CVE-2017-12629 — AI Deep Analysis Summary

🚨 **Essence**: Apache Solr (pre-7.1) has a critical flaw allowing Remote Code Execution (RCE) and Local File Read. 💥 **Consequences**: Attackers can take over the server or steal sensitive data.…

🛡️ **Root Cause**: Two main flaws combined: 1. **XXE** (XML External Entity) in the XML Query Parser. 2. **Unsafe Config API** usage allowing the `add-listener` command to trigger `RunExecutableListener`.…

📦 **Affected**: Apache Solr versions **before 7.1** paired with Apache Lucene **before 7.1**. ⚠️ Note: Elasticsearch uses Lucene but is **NOT** vulnerable to this specific chain.

💀 **Attacker Capabilities**: 1. **Execute Arbitrary Code** (Full RCE). 2. **Read Local Files** (via Blind XXE/FTP wrapper). 📂 Access to sensitive server files is possible.

🔓 **Exploitation Threshold**: **LOW**. The XXE part is available by default for query requests (`deftype=xmlparser`). No authentication required for the initial XXE vector.…

🌍 **Public Exploits**: **YES**. Multiple PoCs exist on GitHub (e.g., Nuclei templates, Awesome-POC). Wild exploitation is highly likely due to easy-to-use scripts.

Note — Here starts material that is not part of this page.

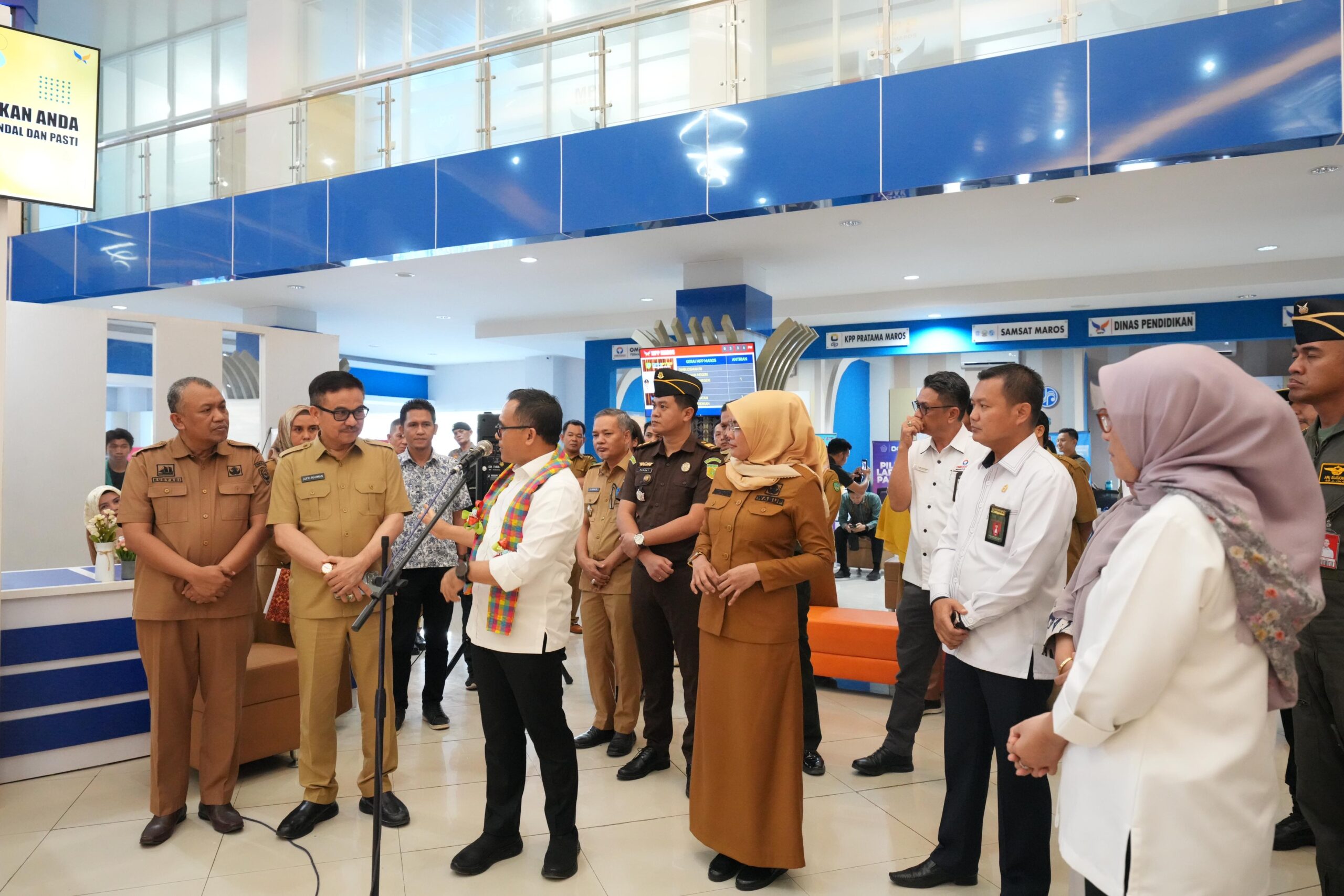 Sekda Jufri Rahman Dampingi Kunjungan Kerja Menpan RB Azwar Anas di Sulsel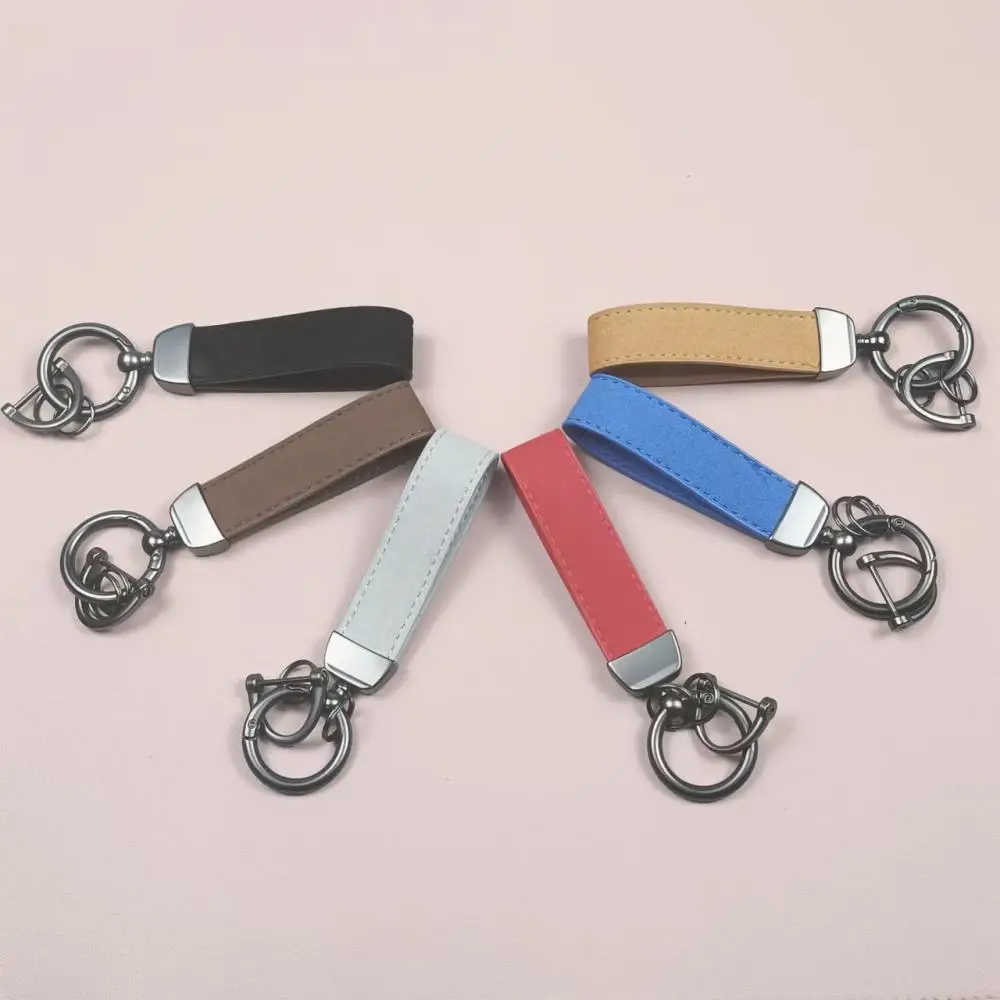 Car Key Chain Rings Metal Leather Keychain Universal Auto Motorcycle Keyring For BMW Mercedes Benz Accessories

🔍 **Self-Check**: Scan for Solr instances. Check if version < 7.1. Look for exposed Config API endpoints. Use tools like Nuclei or Xray with specific CVE-2017-12629 templates to detect XXE/RCE vectors.

✅ **Official Fix**: **YES**. Upgrade to **Apache Solr 7.1** or later (and Lucene 7.1+). Vendor advisories from RedHat and Ubuntu confirm patches are available.

🛑 **No Patch?**: 1. **Disable** the XML Query Parser if not needed. 2. **Restrict** access to the Config API (`/admin/cores` or listener endpoints). 3. **Block** external XML parsing inputs. 4.…

🔥 **Urgency**: **CRITICAL**. High impact (RCE) + Low barrier to entry + Public PoCs. Patch immediately or apply strict network controls. Do not ignore!